Cristian Klein/ Bruno Villas Bôas/ Rodrigo Carro

09/05/2018

 

 

A possibilidade de um indulto que tire da prisão o ex-presidente Luiz Inácio Lula da Silva (PT) e beneficie outros políticos condenados ou investigados, como o presidente Michel Temer, dividiu a opinião de pré-candidatos ao Planalto que participaram ontem de encontro organizado pela Frente Nacional de Prefeitos (FNP), em Niterói, no Rio de Janeiro. Enquanto concorrentes do campo da esquerda, como Manuela d'Ávila (PCdoB) e Guilherme Boulos (Psol), defenderam o perdão judicial a Lula, nomes do centro e da centro-direita se disseram contrários ao indulto.

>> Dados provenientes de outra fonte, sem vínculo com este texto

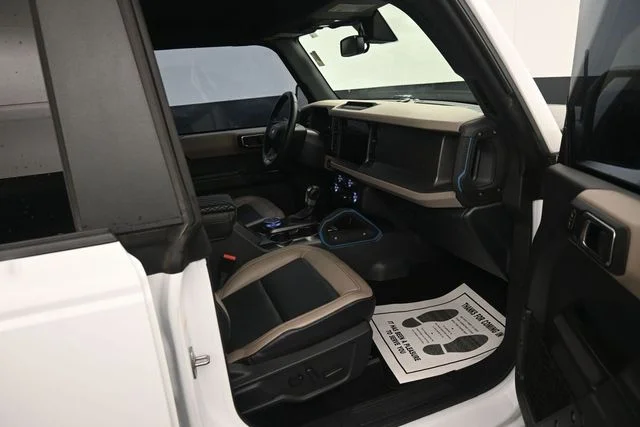 Used 2024 White Ford Wildtrak image 12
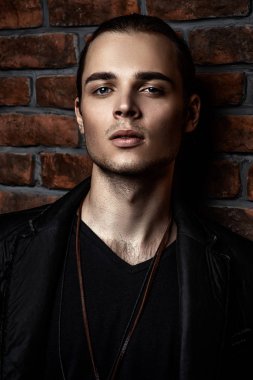 Yakışıklı genç adam.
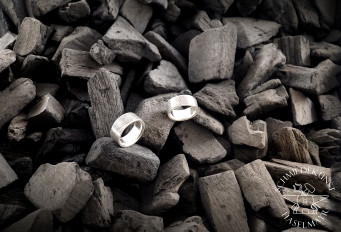 Öffnungszeiten-Ladengeschäft:<br />Montag: 11 Uhr - 18 Uhr.<br />Dienstag - Freitag: nach Terminvereinbarung per E-Mail oder Telefon.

A ex-petista e ex-senadora Marina Silva (Rede) afirmou que "a gente tem que respeitar a lei e a Justiça". "Não acho que se deva fazer um debate que possa sugerir à população qualquer tipo de atitude, de quem quer que seja, em relação a dois pesos e duas medidas. Advogo que, por mais duro que seja, por tudo que está acontecendo na política brasileira, se tem que cumprir as leis. A lei deve ser mantida e cumprida por todos, independentemente da condição política, econômica, social, o que for", disse.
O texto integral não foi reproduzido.